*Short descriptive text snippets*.

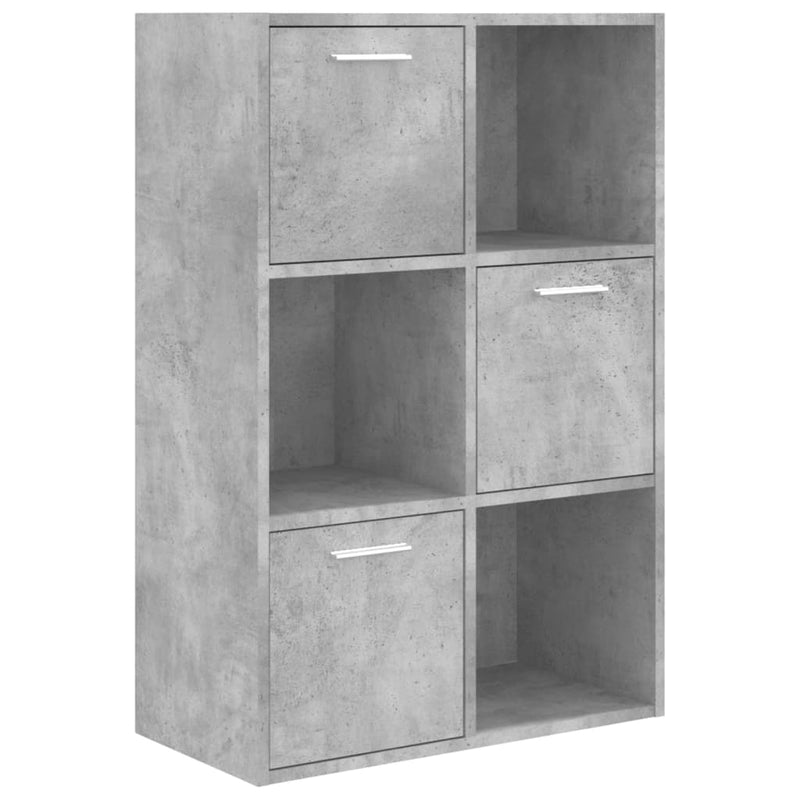 Opbergkast 60x29,5x90 cm bewerkt hout betongrijs MeubelReus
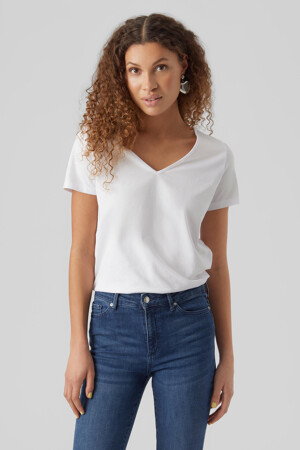 Femmes - VERO MODA® - T-shirt - blanc - T-shirts & Tops - blanc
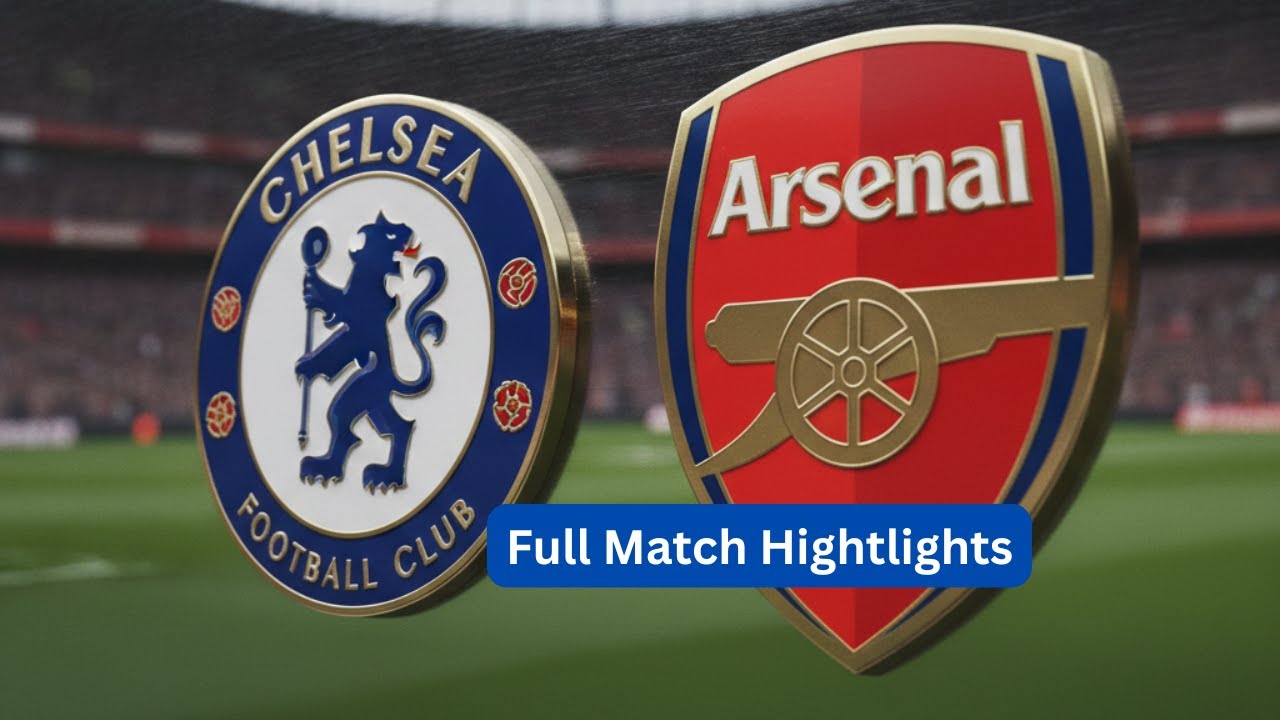 Chelsea vs Arsenal Carabaro cup semi final match Ist leg Full match highlights #footballvideo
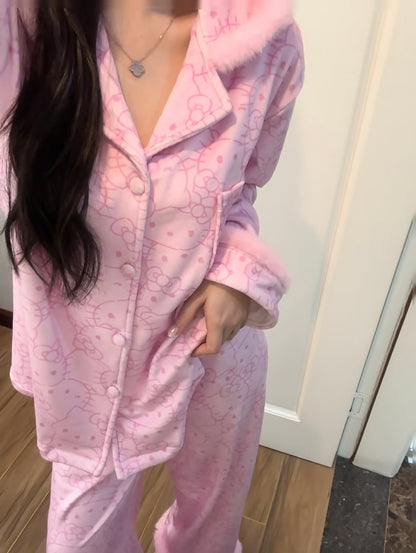 Pinky Full of Kitty Pajama Set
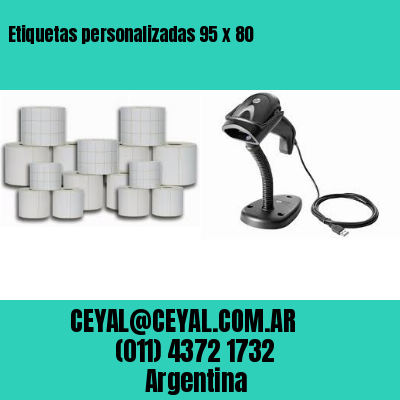Etiquetas personalizadas 95 x 80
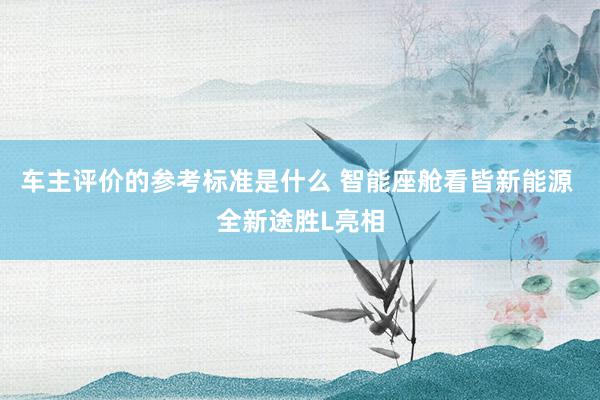 车主评价的参考标准是什么 智能座舱看皆新能源 全新途胜L亮相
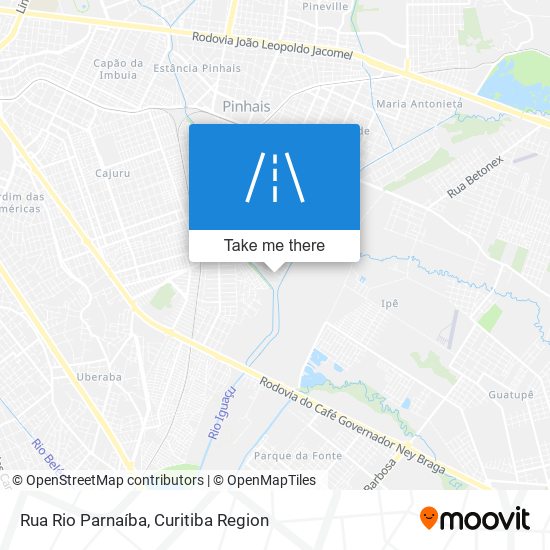 Rua Rio Parnaíba map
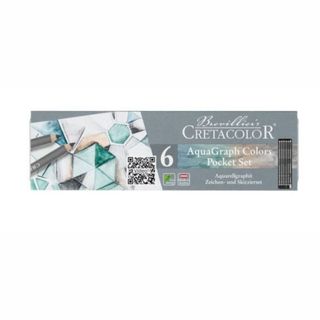 CRETACOLOR AQUAGRAPH COLOUR GRAPHITE PENCIL SET 6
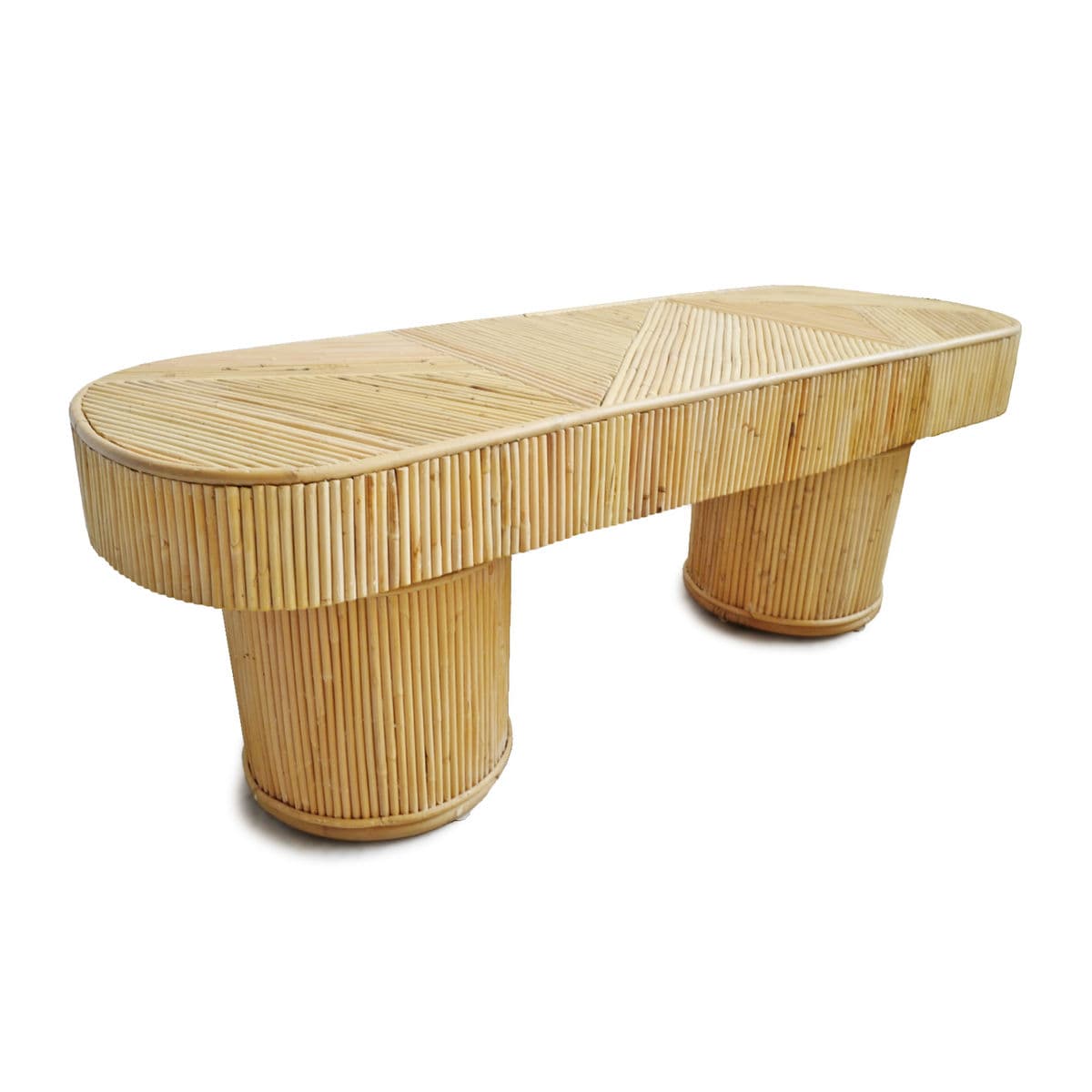 Deco Rattan Stick Coffee Table - Thumbnail 6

*Problem*.
Starting at the line that contains "Femmes - VERO", please write out every line to the end of the entries, inclusive, copied exactly and with pictures omitted.

*Expected answer*.
 Femmes - VERO MODA® - T-shirt - blanc - T-shirts & Tops - blanc
 Chelsea vs Arsenal Carabaro cup semi final match Ist leg Full match highlights #footballvideo
 Pinky Full of Kitty Pajama Set
Etiquetas personalizadas 95 x 80
 车主评价的参考标准是什么 智能座舱看皆新能源 全新途胜L亮相
 Rua Rio Parnaíba map
 CRETACOLOR AQUAGRAPH COLOUR GRAPHITE PENCIL SET 6
 Deco Rattan Stick Coffee Table - Thumbnail 6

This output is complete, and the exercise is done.